The philosophies of both Bergson and Bradley inform Eliot's concept of the 'objective correlative'. Though it was not the first use of the term or the idea, Eliot's formulation, in 'Hamlet and his Problems' (later renamed 'Hamlet') (1919), was certainly the most influential. Arguing that Hamlet is not Shakespeare's masterpiece, but in fact an 'artistic failure', Eliot locates that failure in Shakespeare's inability to express 'the essential emotion of the play', which he takes to be Hamlet's feelings about the guilt of his mother:
The only way of expressing emotion in the form of art is by finding an 'objective correlative'; in other words, a set of objects, a situation, a chain of events which shall be the formula of that particular emotion; such that when the external facts, which must terminate in sensory experience, are given, the emotion is immediately evoked.

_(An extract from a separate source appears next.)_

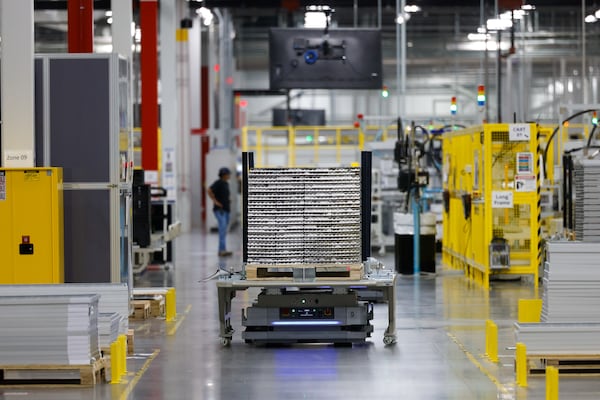 A machine carries solar panels at the Qcells solar factory in White on June 8, 2026. (Arvin Temkar/AJC)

Hamlet is disgusted by his mother, writes Eliot, but his mother is not 'an adequate equivalent' for his disgust. In contrast, in the 'more successful' Macbeth, the state of mind of Lady Macbeth walking in her sleep is conveyed by an 'accumulation of imagined sensory expressions' (1976: 100). The sensory expressions are an adequate equivalent for her state of mind. In his dissertation, Eliot had discussed Bradley's argument that emotion is never purely subjective, it is always inevitably connected to that which stimulated it (its object), and 'is ultimately just as objective'. Anticipating the terms of the passage quoted above, Eliot comments in his dissertation that 'Hence when the object, or complex of objects, is recalled, the pleasure is recalled in the same way' (1964a: 80). Bergson had made a similar point in Time and Free Will when describing the power of the poetic image: 'In seeing these images pass before our eyes we in our turn experience the feeling which was, so to speak, their emotional equivalent' (1910: 15). Thus, in 'Rhapsody on a Windy Night', we might see the chain of memories set off by the prostitute and the cat as an early example of the objective correlative.

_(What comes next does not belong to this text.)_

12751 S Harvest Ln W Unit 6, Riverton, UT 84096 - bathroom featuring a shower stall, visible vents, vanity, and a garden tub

However, by the time Eliot wrote 'Hamlet and his Problems', he had become more remote philosophically from Bradley and Bergson through the influence of the English analytic philosopher, Bertrand Russell (1872—1970). Eliot had taken Russell's course on Symbolic Logic at Harvard in 1914, but he became much more influenced by Russell's philosophy after he had moved to England and developed a close friendship with the philosopher (Eliot and his wife Vivien lived with Russell during 1915). Russell's analytic philosophy, with its scientific methodologies and emphasis on empirical fact, contrasted strongly with Bradley's, and Eliot's early literary criticism, written in the years following the completion of his dissertation, shows a marked turn from Bradley's theory of knowledge through interpretation towards Russell's theory of knowledge based on analysis of facts. In his dissertation, Eliot had privileged the subjective — 'all significant truths are private truths', he wrote in his conclusion — yet his literary criticism is notable for its insistence on objectivity (1964a: 165).